**ACTIVITY**.
Go over the data and copy out each line with "Wide" in it.
[EXTRACTED ENTRIES]
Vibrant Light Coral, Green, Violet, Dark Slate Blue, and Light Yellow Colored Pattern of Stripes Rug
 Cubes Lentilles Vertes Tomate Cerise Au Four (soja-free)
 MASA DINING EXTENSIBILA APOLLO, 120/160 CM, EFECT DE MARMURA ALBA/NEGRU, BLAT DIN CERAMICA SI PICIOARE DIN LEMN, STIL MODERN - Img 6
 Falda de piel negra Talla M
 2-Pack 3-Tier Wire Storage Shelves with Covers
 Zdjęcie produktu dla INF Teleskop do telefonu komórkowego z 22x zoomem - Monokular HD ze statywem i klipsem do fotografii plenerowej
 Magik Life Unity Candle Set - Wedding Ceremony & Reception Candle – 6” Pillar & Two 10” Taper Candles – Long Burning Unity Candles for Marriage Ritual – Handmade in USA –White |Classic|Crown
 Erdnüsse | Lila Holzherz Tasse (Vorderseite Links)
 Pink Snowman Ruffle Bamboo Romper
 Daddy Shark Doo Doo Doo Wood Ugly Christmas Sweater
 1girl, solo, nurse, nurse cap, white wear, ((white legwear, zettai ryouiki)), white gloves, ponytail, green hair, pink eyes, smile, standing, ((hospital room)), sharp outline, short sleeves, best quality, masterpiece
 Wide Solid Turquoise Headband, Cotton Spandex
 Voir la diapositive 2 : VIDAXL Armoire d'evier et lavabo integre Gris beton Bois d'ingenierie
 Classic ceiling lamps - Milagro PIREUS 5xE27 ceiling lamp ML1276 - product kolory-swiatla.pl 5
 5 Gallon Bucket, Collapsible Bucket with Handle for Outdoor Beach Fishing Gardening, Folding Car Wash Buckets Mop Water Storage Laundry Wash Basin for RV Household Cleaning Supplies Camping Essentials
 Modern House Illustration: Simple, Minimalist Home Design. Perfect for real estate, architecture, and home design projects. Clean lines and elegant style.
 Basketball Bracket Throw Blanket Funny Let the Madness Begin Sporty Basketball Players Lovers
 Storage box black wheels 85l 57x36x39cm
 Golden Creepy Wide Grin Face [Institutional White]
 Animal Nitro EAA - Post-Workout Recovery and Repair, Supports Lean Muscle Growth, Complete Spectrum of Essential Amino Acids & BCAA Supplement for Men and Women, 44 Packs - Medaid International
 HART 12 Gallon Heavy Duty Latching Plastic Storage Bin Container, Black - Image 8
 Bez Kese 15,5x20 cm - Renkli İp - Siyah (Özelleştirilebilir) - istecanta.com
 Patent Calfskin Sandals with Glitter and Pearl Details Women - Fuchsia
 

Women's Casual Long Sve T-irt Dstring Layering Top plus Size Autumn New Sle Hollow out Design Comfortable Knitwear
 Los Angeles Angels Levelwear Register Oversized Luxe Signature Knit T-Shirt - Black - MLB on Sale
[/EXTRACTED ENTRIES]
**RESULT BELOW**.
 Wide Solid Turquoise Headband, Cotton Spandex
 Golden Creepy Wide Grin Face [Institutional White]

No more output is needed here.